Custom machine translation is the adaptation of a machine translation(MT) system to be specialized in a specific domain or topic. Custom machine translation, when performed correctly, will deliver notably higher quality translation output than generic machine translation. With the help of a successfully trained MT, the human translator and editor can largely improve their efficiency and cut down plenty of go-to-market time. In this blog, I will illustrate how to use Microsoft Customer Translator that employs Azure AI to train an MT for the subtitle translation of the famous TV series Friends.

So, Why Friends?

American TV series or movies have a large population of the audience all over the world. So the needs of subtitle translation are huge. Since the subtitles are colloquial, short and easy, our team believes a customed MT can largely contribute to improving translation efficiency and saving money.

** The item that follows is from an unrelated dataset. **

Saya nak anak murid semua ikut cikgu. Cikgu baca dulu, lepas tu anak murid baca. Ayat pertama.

Thus, we launched a pilot project for the famous TV series Friends to test how much efficiency the translation machine can improve with acceptable quality.

MT Pilot Project

Pilot project: Train a machine translation (MT) engine to translate the subtitles of FRIENDS series, EN>zh-CN

Pilot project objectives: PEMT 30% faster(efficiency) & 30% savings; PEMT 10 penalty scores/1000 words, no critical errors as the quality threshold

Pilot proposal 1st edition:

Methodology

Set Contrast groups
Training 10 rounds
Deploying the highest Bleu scored model
2 rounds of human PEMT to test the quality of MT and the efficiency improvement rate
Post mortem and redesign the proposal to improve the machine training

Workflow

Data collecting(Training data: 9 seasons EN-ZH human translated subtitles; Tuning data: Season 10 subtitles) >> Data cleaning(develop bilingual XML files by using aligning and segment tool; develop term list)>>Data training>>Deploy the model got by the first round>>First round PEMT>>Data training>>Deploy the model of highest Bleu scores>>Second round PEMT>> Compare the results of two rounds PEMT>>update pilot project proposal

Outcomes

* All the “time used” data is an average time used by two editors editing 100 segments.

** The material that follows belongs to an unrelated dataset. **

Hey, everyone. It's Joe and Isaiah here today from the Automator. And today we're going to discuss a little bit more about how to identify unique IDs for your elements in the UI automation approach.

* The Baseline BLEU Score(indicate the performance of normal MT) is 17.81

The Customized MT improves the translation rate by 49.37% and 53.70% separately in the two rounds

Anticipated project outcomes for update pilot project proposal:

Efficiency: 50% faster than human translation
Cost: 40% savings over human translation
Quality: The number of remaining error penalty should be limited to 35 per 1,000 words

Updated Pilot Proposal:

Lessons Learned and Afterthoughts

Our BLEU score jumps from 15 to 30. In this process, the 2 vital factors that result in this change are the segment volume increase and clean data(the correctly aligned bilingual segments). Thus, the data processing should follow the instructions below:

Collecting as much data as possible to ensure there are enough data for training, testing and tuning. Clean them up before training can avoid garbage data negatively affecting the BLEU score. Furthermore, deleted all scene and names of speakers, and harmonized all names in the dialog. Another way to solve this problem is to build a glossary for all the names. The oral words variated in spelling which did impact the final score a lot.
Split the long sentences and paragraphs into short segments. It would be hard for the audience to read a long sentence in seconds; therefore, we also include length of segments in our QA check metrics.
Data alignment. Align data before training can lead to higher BLEU scores and perform more accurate machine translation afterward.

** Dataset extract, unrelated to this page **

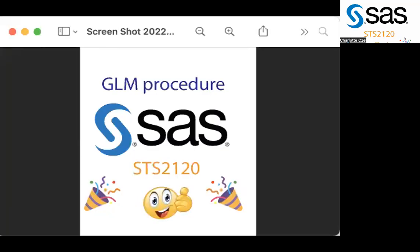Hi guys, I'm Charlotte and now I'll be showing you how to use the GLM procedure in SAS. Your teacher has told you to sign up for SAS and that you'll be coding statistical analyses for your assignments. Your first thought might be yikes, but don't worry. In this video I'll be showing you how to use one of the many statistical inference tools in SAS, the GLM procedure.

In addition, through our increasing BLEU score brings the huge increase of MT quality, the efficiency improvement (time saved compared with human) wasn’t obvious which made me thinking of the necessity of customizing an MT for subtitle translation. After all, subtitles are short, easy and colloquial. Maybe a normal MT engine like Google translate is enough for this type of translation. However, no certain answer will be concluded without further trials. Thus, I look forward to the next experiment by increasing the segment volume via adding the subtitles from other similar TV serials.